You would probably not see this occur for GNOME over Xorg.
Comment 7 Aleksandr Mezin 2018-09-10 20:34:35 UTC
(In reply to Nicholas Kazlauskas from comment #6)
> I'd imagine you're probably running GNOME on Wayland from that setup
> environment.
> 
> The patch seems to fix the null pointer deference but you're probably
> getting a black screen from those failed atomic commits.
> 
> Might not be a problem with the driver but with the GNOME Wayland
> implementation - I would need to do more investigation to see which atomic
> commits are failing and if the failures are valid (but unchecked).
> 
> You would probably not see this occur for GNOME over Xorg.

No, it occurs with Gnome on Xorg, with modesetting driver.
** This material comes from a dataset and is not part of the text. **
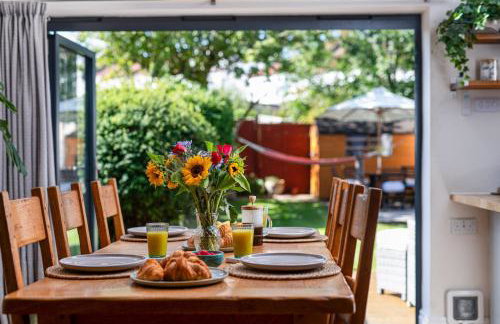 Charming Family Home with Stoves, Garden & Parking - Foto 9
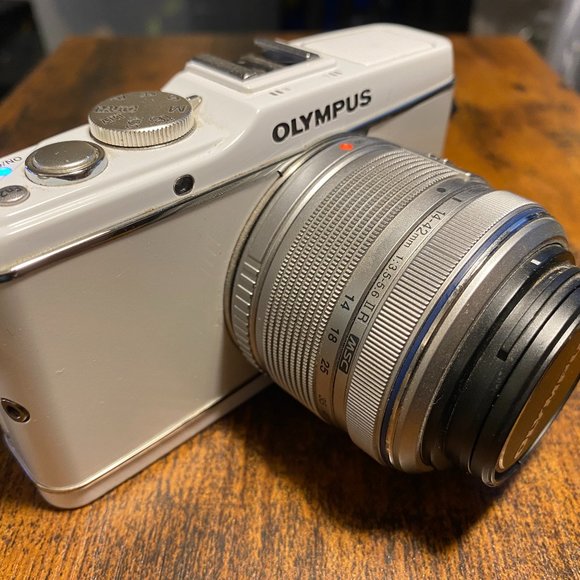 Olympus Ep-3 with 14-42mm lens (GREAT CONDITION!) White - Picture 1 of 4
Gnome on Wayland seems to handle suspend and resume fine (even on unpatched 4.19-rc3). Also, I tried xf86-video-amdgpu. It works like Gnome on Wayland, but sometimes after resume one display is limited to 800x600 resolution only (it's a 4k display). Probably another different issue.

I expected modesetting driver to work though.
Comment 8 Aleksandr Mezin 2018-09-11 19:16:12 UTC
Created attachment 278457 [details]
kernel log: patched kernel + xorg modesetting, resume failed

Even with patched kernel, when resume fails there are errors in kernel log (when using modesetting driver):

[   98.136982] [drm:drm_atomic_helper_wait_for_flip_done [drm_kms_helper]] *ERROR* [CRTC:43:crtc-0] flip_done timed out
[  103.668322] [drm:dc_remove_plane_from_context [amdgpu]] *ERROR* Existing plane_state not found; failed to detach it!
[  103.702464] [drm:dc_remove_plane_from_context [amdgpu]] *ERROR* Existing plane_state not found; failed to detach it!
Comment 9 Aleksandr Mezin 2018-09-11 19:19:03 UTC
Created attachment 278459 [details]
user log: patched kernel + xorg modesetting, resume failed

сен 12 01:05:22 X299 /usr/lib/gdm-x-session[1593]: (WW) modeset(0): flip queue failed: Invalid argument
сен 12 01:05:22 X299 /usr/lib/gdm-x-session[1593]: (WW) modeset(0): Page flip failed: Invalid argument
сен 12 01:05:22 X299 /usr/lib/gdm-x-session[1593]: (EE) modeset(0): present flip failed
сен 12 01:05:22 X299 /usr/lib/gdm-x-session[1593]: (WW) modeset(0): flip queue failed: Invalid argument
сен 12 01:05:22 X299 /usr/lib/gdm-x-session[1593]: (WW) modeset(0): Page flip failed: Invalid argument
Comment 10 Aleksandr Mezin 2018-10-03 16:17:00 UTC
After recent updates, the issue went away. But I'm not sure what exactly has changed. I tried reverting the kernel (to 4.19-rc3) and libdrm, but still can't trigger it anymore.